In that post I quoted a 2010 report from the Western Morning News:
A Devon man has been found guilty of abusing six under-age girls in a trial held in his absence at Exeter Crown Court.
Jurors yesterday unanimously found that Michael Collingwood, now 69, of Tedburn St Mary, near Exeter, committed 23 sex offences, including raping one girl.
Judge Paul Darlow instructed the jury to formally enter not guilty pleas to the other six sex offence allegations.
Jurors heard the trial in Collingwood's absence after being told he suffers from severe dementia.I am not a lawyer, and it may well be that there are important differences between the case of Collingwood and of the peer we now know to be Greville Janner.

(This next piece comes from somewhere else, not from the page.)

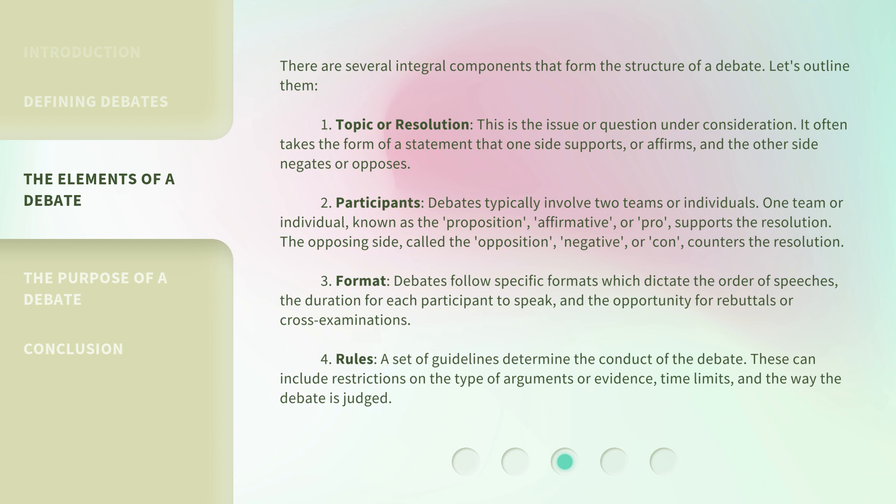There are several integral components that form the structure of a debate. Let's outline them. 1. Topic or Resolution — this is the issue or question under consideration. It often takes the form of a statement that one side supports or affirms, and the other side negates or opposes. 2. Participants — debates typically involve two teams or individuals. One team or individual, known as the proposition, affirmative, or pro, supports the resolution. The opposing side, called the opposition, negative, or con, counters the resolution.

But ever since the director of public prosecutions announced her decision, people have been tweeting links to other cases where men with dementia have been convicted of sexual offences against children.
And now the Daily Mail has drawn the cases together under the shouty headline:
Why is Labour Peer Lord Janner not being prosecuted because he has dementia? At least 19 defendants suffering with the disease have been convicted for sex crimes... and TEN were in the past year
You might think that someone with dementia should not be prosecuted as he will not be able to understand proceedings or instruct lawyers, but - rightly or wrongly - that does not appear to be the practice in Britain today.
And if that is the case, then Alison Saunders should resign.